Jüngst hat der junge Afghane bei einer Begegnung auch Altlandrat Franz Meyer um Hilfe gebeten. Der wandte sich an den niederbayerischen Regierungspräsidenten. Damit sich Meyer ein genaueres Bild von dem jungen Mann machen kann, schildert Birgit Stümpfl dem Altlandrat in einem Brief Abdullahs Bemühungen: Berufsorientierungsmaßnahme am bfz Passau, ab September 2016 Berufsintegrationsklasse an der Berufsschule I in Passau. Zum Geld verdienen Arbeit bei der Baufirma Bachl in Röhrnbach. Die ist sehr angetan von Abdullah. Sie bietet ihm einen Ausbildungsvertrag zum Straßenbauer an und hält die Lehrstelle fast ein Jahr frei – bis Abdullahs Antrag auf Ausbildungsduldung letztendlich abgelehnt wird.

Im September 2017 nimmt die Vilshofener Berufsfachschule für Sozialpflege den jungen Afghanen auf. Weil seine Deutschkenntnisse für diese schulische Ausbildung noch nicht ausreichen, wechselt Abdullah im September 2018 in die Vorklasse für Pflegeberufe an der Berufsakademie Passau. Dort legt er die B1-Prüfung in Deutsch ab und arbeitet seit Mai 2019 als Pflegehelfer im Seniorenzentrum Donautal. Nach langen Jahren in Gemeinschaftsunterkünften bezieht Abdullah im August 2020 ein kleines Zimmer in Passau, macht den Führerschein und spart sich ein gebrauchtes Auto zusammen, um seinen Arbeitsplatz zu allen Schichtzeiten zu erreichen.

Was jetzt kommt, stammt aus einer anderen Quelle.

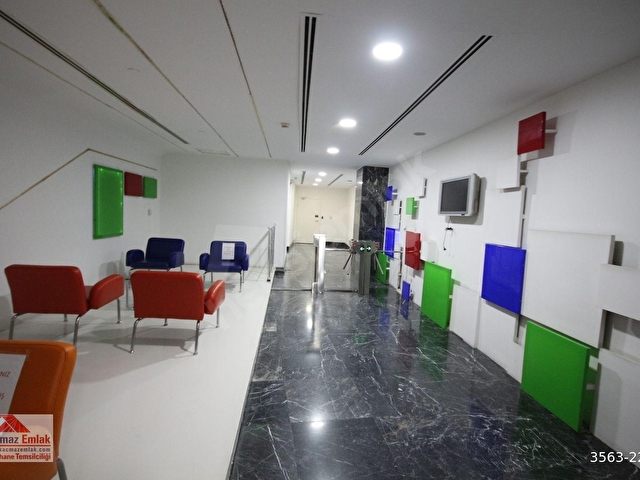 ŞİŞLİ MERKEZDE, HAZIR BÖLMELİ 750 m² DÜZ GİRİŞ KİRALIK İŞYERİ - Görsel 3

Der Umgang mit Kollegen und Heimbewohnern hat Abdullahs Sprachkenntnisse so sehr verbessert, dass Einrichtungsleiterin Weithmann ihn ab September zum Pflegefachhelfer und später zum Pflegefachmann ausbilden will. Doch dazu muss er hier bleiben dürfen. Seine Arbeitserlaubnis ist immerhin gerade um zwei Monate bis Ende Juni verlängert worden. "Knackpunkt ist aber die Ausbildungsduldung", sagt Birgit Stümpfl. Jetzt bangen alle mit Abdullah, dass sein Antrag diesmal nicht abgelehnt wird und er die Ausbildung im September starten kann.